Darilaut – Pemerintah Indonesia, melalui Kedutaan Besar Republik Indonesia (KBRI) Ankara telah mengirimkan bantuan di wilayah yang paling terdampak gempa di Turki.
Tim telah mengevakuasi sebanyak 123 orang, termasuk dalam rombongan evakuasi ini warga negara Indonesia (WNI), dua warga negara Malaysia dan satu warga Myanmar, Rabu (8/2).
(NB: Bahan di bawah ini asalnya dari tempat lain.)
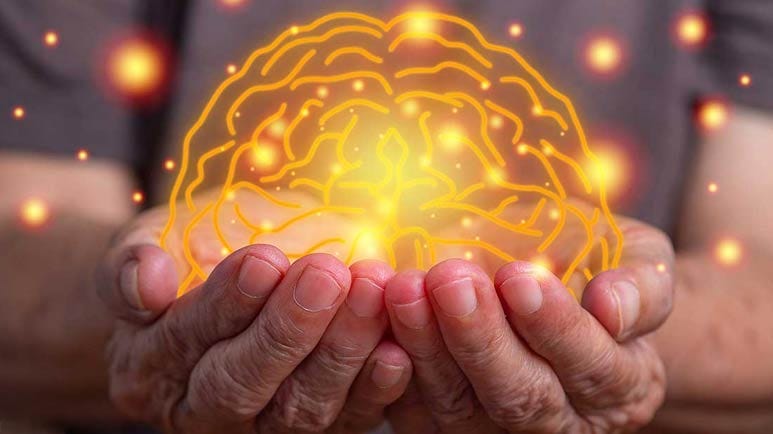 biological age brain protection biological age brain protection
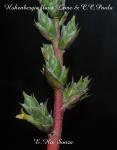 Hohenbergia flava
KBRI Ankara telah mengirimkan 4 tim ke Gaziantep, Kahramanmaraş, Diyarbakır, dan Hatay, setelah gempa bumi dahsyat mengguncang Turki, Senin (6/2).
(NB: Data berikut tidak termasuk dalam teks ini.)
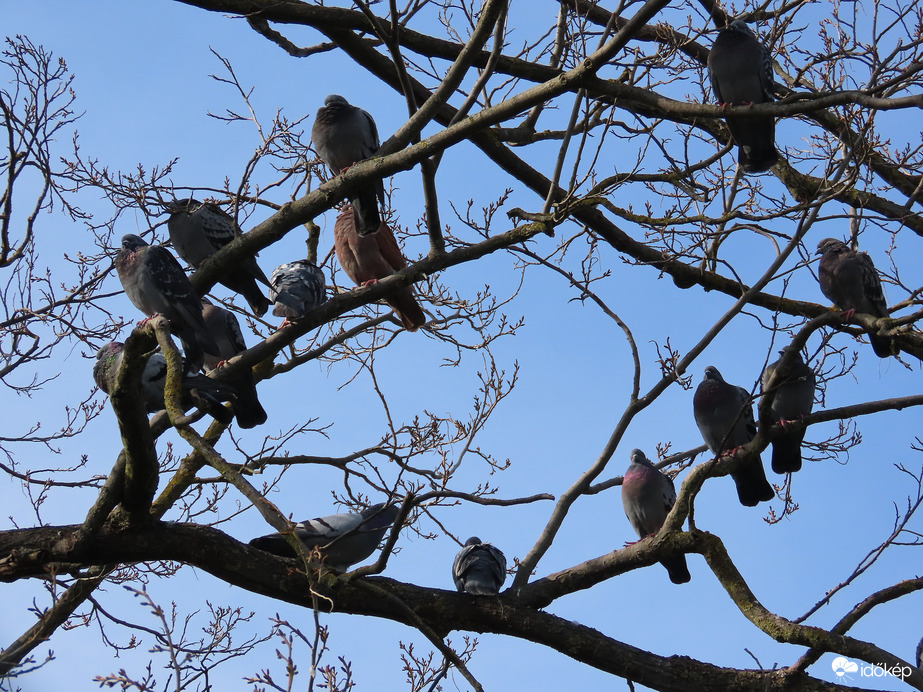 Koszorú galambokból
KBRI Ankara telah pula menyampaikan bantuan kemanusiaan berupa bahan makanan melalui Bulan Sabit Merah Turki.
Hingga Rabu, tercatat 1 WNI dan anaknya yang berusia 1 tahun meninggal dunia di Kahramanmaras.
Tim evakuasi KBRI Ankara yang berada di lokasi telah mengurus pemulasaraan jenazah.
Terdapat 10 orang WNI korban luka-luka. 4 orang di antaranya telah ditangani di rumah sakit setempat dan 6 orang lainnya dievakuasi ke Ankara untuk mendapatkan penanganan medis lanjut.
Kondisi di lokasi gempa tergolong berat sehingga menyulitkan akses masuk, khususnya di Gaziantep City Center, Nurdagi, Hatay dan Kahramanmaras.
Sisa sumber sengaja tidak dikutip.